Activity ::
In the listing below, the lines starting at the line with "Чехол с ремешком" and ending at the line with "Task Checklist Icon" are to be output verbatim. Images stay out of the copy.

Extracted records ::
= Beginning of Section =

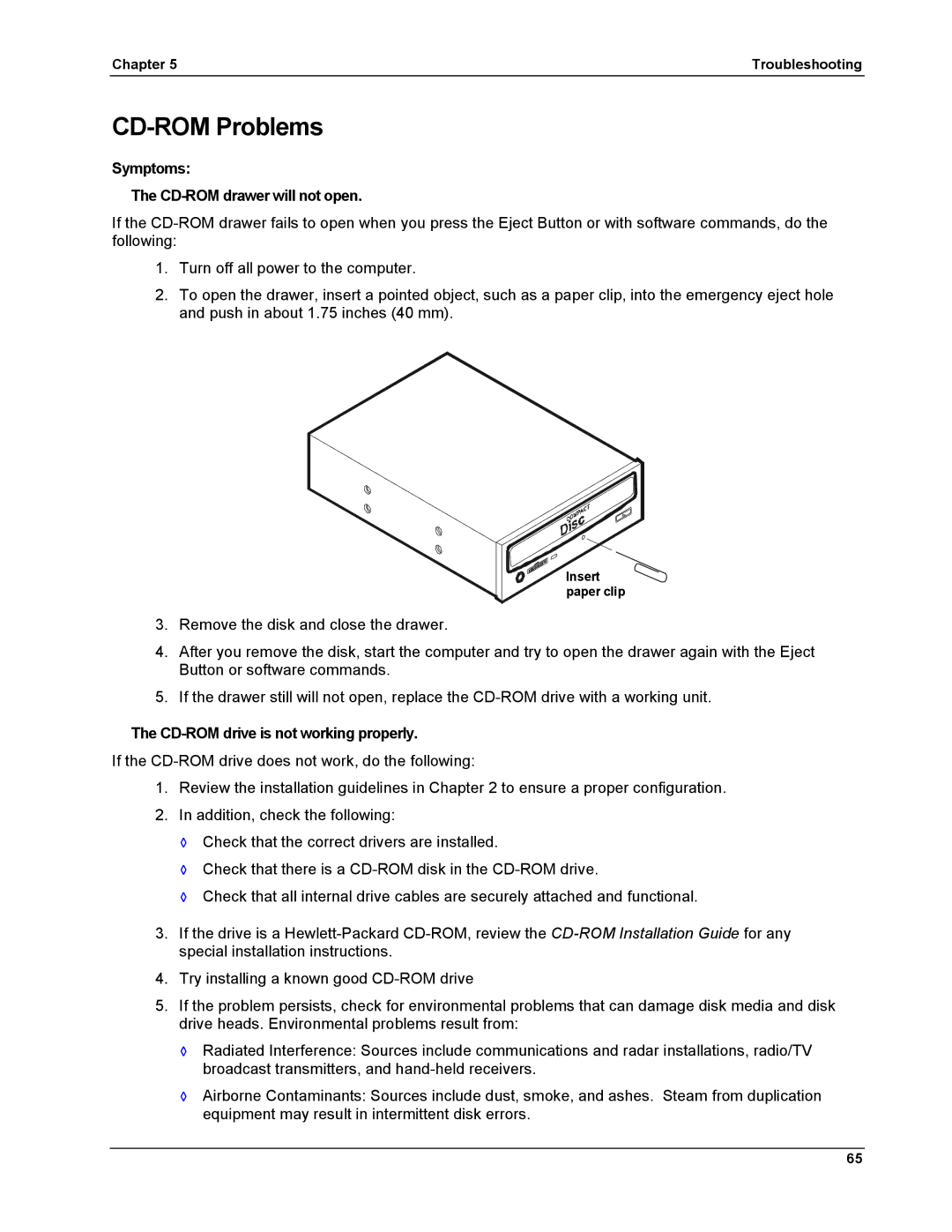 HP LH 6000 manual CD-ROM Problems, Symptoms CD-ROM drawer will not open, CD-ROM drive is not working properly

= End of Section =
= Beginning of Section =

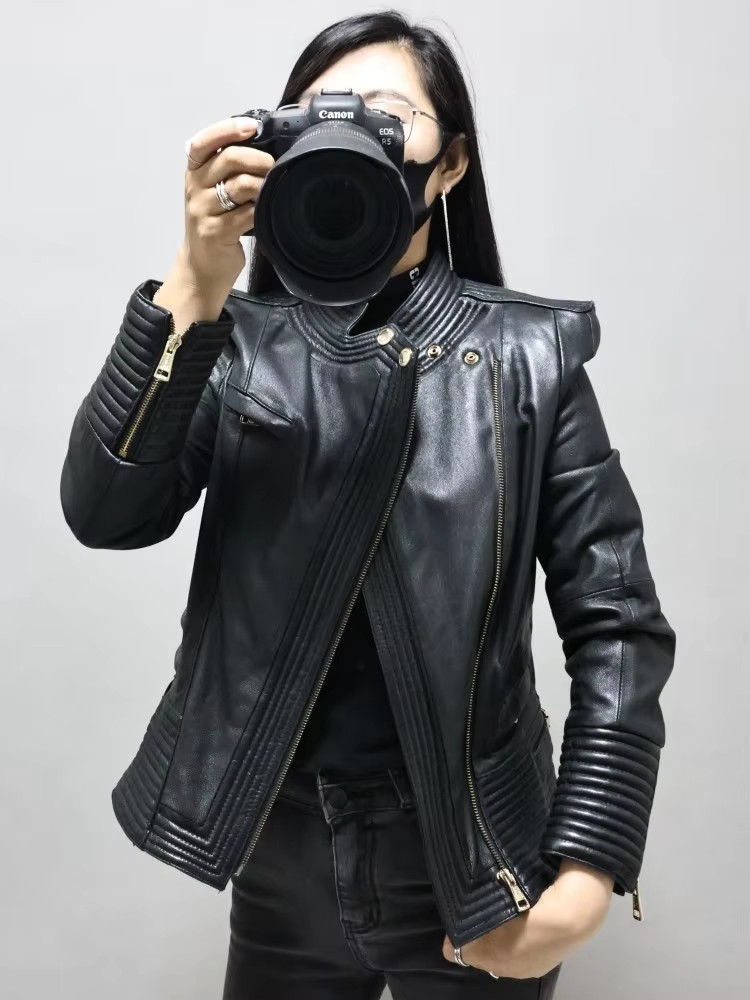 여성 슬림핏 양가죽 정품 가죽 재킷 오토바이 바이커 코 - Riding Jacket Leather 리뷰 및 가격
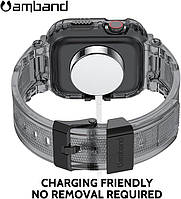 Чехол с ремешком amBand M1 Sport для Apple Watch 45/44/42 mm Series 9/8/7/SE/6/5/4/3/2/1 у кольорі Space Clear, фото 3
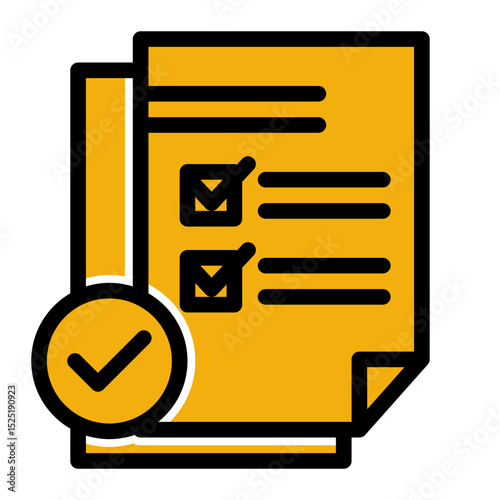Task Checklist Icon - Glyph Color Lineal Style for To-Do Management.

= End of Section =

Result of this exercise ::
 Чехол с ремешком amBand M1 Sport для Apple Watch 45/44/42 mm Series 9/8/7/SE/6/5/4/3/2/1 у кольорі Space Clear, фото 3
Task Checklist Icon - Glyph Color Lineal Style for To-Do Management.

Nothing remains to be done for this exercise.